Food & Drink

Americans Can Eat Caviar Guilt-Free — None Of It Comes From Russia

Punishments against Putin’s war are now clamping down on products like caviar and vodka that once were considered Russian delicacies in the U.S. but went dosvedanya — goodbye — a long time ago.

In the past 20 years on Manhattan’s Madison Avenue, Michelin-starred Caviar Russe has become known for spreads fit for an oligarch.

Amid government bans on Russian imports, however, that reputation is now coming back to bite the family that owns the restaurant. They actually immigrated from Ukraine. Their caviar never came from Russia. It comes from Germany.

Americans “can eat caviar guilt-free,” says Ilya Panchernikov, the second-generation managing director of Caviar Russe, who was born in the southern Ukrainian city of Kherson, now occupied by Russian troops. “The fish don’t have passports. It’s just a fish.”

In fact, no caviar in America comes from Russia. Government sanctions against the salty, chic fish eggs are more performative than anything. Caviar imported from Russia worldwide has dropped to a tiny fraction of the global volume it commanded during the 1990s.

That’s because Russia popularized caviar from wild sturgeon, often the beluga species that swam in the Caspian and Black seas. Fishermen cut out the roe from the sturgeon and often tossed the fish back in the water to die. Both Russia and Iran in particular became huge producers of expensive caviar, but after the sturgeon population fell 30%, producing caviar from the fish was banned in the early 2000s. Experts suggest that 2008 was the last time Russian caviar was served in America.

“Russia hasn’t exported any caviar for years and years,” said caviar entrepreneur Bill Holst. The Russians “consume everything they produce, and most of the caviar they produce is injected with hormones and not legal to sell in the U.S. and Europe.”

Seafood from Russia is broadly facing sanctions from countries looking to punish Russia for its unprovoked attack on Ukraine. In 2021, the U.S. imported $1.2 billion worth of seafood from Russia, mostly pollock that’s sold at fast-food chains and smaller fish used for feed at fish farms. Not one speck of that was caviar.

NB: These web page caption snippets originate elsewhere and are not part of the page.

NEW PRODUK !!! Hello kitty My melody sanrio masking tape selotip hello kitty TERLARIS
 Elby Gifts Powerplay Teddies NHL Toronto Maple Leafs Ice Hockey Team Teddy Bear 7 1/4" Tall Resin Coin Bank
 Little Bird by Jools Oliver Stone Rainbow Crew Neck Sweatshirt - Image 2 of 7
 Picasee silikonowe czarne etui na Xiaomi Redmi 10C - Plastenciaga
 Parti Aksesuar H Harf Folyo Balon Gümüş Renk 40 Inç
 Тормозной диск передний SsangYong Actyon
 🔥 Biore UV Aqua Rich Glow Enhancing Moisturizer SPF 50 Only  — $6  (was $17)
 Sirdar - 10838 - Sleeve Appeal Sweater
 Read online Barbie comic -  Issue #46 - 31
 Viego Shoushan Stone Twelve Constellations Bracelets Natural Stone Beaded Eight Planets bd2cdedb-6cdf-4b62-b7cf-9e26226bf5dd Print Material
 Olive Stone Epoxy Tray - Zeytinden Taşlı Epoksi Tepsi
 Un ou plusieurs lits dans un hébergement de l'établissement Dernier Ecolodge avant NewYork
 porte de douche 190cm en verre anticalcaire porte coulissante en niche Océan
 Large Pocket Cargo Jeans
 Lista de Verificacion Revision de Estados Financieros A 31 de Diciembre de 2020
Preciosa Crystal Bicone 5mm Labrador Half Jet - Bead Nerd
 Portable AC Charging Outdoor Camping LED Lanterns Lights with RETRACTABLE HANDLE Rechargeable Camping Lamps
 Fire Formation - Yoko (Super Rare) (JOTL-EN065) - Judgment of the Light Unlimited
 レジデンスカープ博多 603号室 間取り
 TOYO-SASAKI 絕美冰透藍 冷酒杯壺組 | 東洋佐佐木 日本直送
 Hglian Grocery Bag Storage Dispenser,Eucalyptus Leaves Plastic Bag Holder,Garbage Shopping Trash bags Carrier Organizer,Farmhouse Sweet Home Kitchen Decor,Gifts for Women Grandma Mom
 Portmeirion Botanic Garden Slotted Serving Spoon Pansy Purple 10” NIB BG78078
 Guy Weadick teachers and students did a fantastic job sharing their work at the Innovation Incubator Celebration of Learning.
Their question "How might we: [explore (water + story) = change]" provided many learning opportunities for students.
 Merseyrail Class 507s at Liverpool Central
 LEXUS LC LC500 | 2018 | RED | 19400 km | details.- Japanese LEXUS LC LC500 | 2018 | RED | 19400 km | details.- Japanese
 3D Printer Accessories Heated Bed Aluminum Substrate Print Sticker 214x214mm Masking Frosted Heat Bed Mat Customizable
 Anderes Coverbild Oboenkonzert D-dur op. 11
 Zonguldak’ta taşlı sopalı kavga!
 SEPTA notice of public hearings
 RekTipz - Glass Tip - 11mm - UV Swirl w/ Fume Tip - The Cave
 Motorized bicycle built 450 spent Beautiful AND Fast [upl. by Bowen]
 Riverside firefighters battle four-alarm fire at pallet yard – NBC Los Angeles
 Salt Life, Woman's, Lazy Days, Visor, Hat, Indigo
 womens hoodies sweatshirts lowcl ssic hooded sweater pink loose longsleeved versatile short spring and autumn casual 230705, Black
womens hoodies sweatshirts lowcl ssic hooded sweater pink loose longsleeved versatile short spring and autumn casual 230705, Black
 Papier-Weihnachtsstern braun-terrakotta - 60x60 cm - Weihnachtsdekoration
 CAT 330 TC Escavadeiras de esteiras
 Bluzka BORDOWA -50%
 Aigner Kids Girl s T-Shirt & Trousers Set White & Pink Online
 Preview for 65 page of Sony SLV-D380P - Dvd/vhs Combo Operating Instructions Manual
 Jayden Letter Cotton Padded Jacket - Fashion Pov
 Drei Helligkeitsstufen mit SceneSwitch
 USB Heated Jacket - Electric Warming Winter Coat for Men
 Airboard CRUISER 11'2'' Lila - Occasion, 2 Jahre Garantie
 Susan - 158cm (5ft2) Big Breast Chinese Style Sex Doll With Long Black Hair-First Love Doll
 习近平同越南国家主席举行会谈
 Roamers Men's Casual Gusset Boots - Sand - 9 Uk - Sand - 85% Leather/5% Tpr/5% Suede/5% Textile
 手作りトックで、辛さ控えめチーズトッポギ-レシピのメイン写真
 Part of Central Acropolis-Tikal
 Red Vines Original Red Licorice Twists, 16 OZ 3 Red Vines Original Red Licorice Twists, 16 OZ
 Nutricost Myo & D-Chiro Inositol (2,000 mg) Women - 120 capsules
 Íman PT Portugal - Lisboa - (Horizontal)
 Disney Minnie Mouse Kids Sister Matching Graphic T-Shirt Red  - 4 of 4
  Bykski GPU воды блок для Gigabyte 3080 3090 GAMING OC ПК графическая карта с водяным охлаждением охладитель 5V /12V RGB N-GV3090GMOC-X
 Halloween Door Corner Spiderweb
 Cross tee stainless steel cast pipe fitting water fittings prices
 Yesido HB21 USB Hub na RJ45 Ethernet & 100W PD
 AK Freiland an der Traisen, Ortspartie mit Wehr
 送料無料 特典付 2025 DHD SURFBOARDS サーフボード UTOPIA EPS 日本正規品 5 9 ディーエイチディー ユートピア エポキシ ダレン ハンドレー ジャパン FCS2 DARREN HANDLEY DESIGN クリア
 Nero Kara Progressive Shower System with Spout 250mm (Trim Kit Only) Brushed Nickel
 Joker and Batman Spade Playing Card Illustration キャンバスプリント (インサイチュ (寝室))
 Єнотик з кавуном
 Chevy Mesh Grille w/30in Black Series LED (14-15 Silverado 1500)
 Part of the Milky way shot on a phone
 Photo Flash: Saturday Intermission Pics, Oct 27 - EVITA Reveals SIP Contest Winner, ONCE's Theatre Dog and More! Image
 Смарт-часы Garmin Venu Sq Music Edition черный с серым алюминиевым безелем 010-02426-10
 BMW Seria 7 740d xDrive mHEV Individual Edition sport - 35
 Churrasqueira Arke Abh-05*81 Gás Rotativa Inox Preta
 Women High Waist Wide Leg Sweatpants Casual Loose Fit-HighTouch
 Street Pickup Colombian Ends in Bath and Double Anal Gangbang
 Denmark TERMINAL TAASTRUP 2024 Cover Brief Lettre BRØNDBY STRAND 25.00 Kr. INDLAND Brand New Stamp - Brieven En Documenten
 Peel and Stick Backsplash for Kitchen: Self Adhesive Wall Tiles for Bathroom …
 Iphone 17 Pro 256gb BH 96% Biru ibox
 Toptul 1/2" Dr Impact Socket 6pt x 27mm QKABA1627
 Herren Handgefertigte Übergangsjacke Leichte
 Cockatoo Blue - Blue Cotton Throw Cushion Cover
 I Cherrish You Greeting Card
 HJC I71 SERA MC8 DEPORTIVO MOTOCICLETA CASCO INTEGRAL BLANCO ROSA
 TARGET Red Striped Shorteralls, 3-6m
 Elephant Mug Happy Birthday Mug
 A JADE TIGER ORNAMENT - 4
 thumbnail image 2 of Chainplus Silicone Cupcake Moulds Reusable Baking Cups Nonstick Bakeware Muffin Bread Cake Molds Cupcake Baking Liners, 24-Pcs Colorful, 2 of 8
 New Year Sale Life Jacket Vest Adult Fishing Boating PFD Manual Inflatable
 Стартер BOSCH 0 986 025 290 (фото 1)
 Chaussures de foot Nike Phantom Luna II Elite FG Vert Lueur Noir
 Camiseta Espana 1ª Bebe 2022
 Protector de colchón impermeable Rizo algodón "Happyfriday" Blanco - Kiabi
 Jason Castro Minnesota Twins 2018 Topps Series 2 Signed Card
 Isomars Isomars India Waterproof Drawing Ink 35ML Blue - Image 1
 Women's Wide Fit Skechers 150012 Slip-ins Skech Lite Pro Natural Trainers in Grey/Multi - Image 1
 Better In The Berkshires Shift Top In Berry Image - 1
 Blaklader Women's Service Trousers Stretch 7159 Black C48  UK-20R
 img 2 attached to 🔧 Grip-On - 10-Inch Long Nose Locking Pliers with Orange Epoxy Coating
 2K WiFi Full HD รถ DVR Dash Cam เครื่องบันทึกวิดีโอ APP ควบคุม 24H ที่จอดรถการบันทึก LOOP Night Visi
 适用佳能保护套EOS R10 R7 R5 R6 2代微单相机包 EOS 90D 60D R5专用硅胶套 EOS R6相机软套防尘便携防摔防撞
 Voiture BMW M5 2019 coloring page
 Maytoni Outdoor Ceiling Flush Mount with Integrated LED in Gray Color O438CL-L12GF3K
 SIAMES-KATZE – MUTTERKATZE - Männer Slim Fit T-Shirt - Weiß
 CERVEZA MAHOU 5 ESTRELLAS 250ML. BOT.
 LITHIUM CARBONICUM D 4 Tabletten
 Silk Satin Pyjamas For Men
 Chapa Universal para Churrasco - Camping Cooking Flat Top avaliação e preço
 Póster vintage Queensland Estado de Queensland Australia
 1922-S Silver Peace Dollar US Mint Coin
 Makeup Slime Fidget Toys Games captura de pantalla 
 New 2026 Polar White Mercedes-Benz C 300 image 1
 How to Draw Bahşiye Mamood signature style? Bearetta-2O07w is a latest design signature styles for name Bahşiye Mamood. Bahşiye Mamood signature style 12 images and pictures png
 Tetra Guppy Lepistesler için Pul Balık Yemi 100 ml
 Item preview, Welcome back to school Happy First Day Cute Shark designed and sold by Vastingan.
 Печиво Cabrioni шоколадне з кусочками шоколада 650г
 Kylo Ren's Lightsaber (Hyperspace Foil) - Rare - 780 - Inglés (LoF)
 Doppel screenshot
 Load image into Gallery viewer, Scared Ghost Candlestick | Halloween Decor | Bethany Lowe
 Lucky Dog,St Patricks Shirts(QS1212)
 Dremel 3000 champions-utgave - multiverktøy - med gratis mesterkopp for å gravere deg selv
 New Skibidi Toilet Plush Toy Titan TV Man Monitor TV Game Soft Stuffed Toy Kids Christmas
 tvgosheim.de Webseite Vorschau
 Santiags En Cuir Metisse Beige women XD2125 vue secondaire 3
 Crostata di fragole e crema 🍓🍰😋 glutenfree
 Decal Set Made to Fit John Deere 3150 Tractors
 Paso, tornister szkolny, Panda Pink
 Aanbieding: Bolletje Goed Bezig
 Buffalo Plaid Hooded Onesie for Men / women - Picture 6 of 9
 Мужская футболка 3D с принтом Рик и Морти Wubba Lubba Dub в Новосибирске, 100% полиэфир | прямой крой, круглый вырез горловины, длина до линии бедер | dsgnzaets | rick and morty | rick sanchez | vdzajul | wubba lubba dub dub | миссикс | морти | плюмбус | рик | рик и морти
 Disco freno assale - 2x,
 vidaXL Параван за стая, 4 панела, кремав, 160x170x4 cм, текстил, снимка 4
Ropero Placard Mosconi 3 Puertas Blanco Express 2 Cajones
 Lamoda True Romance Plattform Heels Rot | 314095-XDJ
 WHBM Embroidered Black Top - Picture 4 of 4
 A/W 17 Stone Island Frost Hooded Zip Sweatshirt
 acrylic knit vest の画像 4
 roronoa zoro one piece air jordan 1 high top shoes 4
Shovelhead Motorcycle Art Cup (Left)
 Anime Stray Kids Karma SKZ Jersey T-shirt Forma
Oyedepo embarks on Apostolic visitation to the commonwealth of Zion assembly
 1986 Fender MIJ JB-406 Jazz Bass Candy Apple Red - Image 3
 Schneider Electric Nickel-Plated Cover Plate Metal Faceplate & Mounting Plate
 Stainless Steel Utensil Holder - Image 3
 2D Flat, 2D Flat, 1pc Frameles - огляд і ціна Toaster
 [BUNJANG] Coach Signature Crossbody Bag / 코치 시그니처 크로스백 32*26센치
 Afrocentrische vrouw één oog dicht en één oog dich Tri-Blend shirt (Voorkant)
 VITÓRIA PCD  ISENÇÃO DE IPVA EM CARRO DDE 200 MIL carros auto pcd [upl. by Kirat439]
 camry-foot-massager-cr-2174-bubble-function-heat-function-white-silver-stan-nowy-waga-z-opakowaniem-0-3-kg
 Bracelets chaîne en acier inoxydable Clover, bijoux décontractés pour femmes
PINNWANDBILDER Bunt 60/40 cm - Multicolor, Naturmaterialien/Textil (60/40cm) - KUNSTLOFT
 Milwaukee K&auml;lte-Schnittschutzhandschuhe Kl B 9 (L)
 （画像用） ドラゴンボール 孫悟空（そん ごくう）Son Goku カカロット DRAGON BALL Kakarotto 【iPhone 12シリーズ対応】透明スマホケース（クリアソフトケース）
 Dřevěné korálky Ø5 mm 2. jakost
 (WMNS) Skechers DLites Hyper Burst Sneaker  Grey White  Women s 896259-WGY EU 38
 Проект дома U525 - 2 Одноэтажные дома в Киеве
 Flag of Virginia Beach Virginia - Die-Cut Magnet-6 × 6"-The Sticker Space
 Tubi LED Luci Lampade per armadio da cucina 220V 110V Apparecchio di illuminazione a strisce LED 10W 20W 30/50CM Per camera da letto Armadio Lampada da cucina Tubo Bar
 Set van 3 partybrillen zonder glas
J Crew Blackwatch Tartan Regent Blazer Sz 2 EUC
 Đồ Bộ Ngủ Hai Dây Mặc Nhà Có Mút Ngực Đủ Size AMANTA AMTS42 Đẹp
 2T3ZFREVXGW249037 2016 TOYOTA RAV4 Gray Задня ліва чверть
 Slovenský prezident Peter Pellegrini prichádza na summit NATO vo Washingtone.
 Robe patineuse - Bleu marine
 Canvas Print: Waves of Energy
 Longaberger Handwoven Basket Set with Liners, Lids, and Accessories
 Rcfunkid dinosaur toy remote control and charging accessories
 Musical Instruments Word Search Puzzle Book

Most high-quality caviar is now produced in farms located across Europe in Hungary, Italy, Greece and Germany, as well as stateside, from California to Kentucky. Costco sources its Osetra caviar from a Bulgarian farm in the Black Sea.

The largest supply of caviar in the world comes from one farm in China. That operation, formally called Hangzhou Qiandaohu Xunlong Sci-Tech, accounts for 35% of global sales. Its tins are shipped overnight around the world to 23 countries, including 22 Michelin-starred restaurants in France and five in New York. The company also supplies caviar for a lot of tins sold under brands like Petrossian, Caviar House and celebrity chef Thomas Keller’s Regiis Ova.

Russian President Vladimir Putin himself has eaten the Chinese-produced caviar at least twice — once at the 2016 G20 Summit in Hangzhou, where the caviar farm is located, and the other during a one-on-one meeting with Chinese President Xi Jinping.

“Russia hasn’t exported any caviar for years and years.”

Bill Holst

The Chinese farm was actually set up by Holst, a third-generation corn farmer based in Wisconsin. Chinese investors approached Holst, who had already turned around failing caviar farms in Hungary and Germany sold under the brand Desietra, to help them transform a small sturgeon farm in the country into China’s first caviar operation. Holst became the largest and sole American shareholder before selling his remaining stake in 2018.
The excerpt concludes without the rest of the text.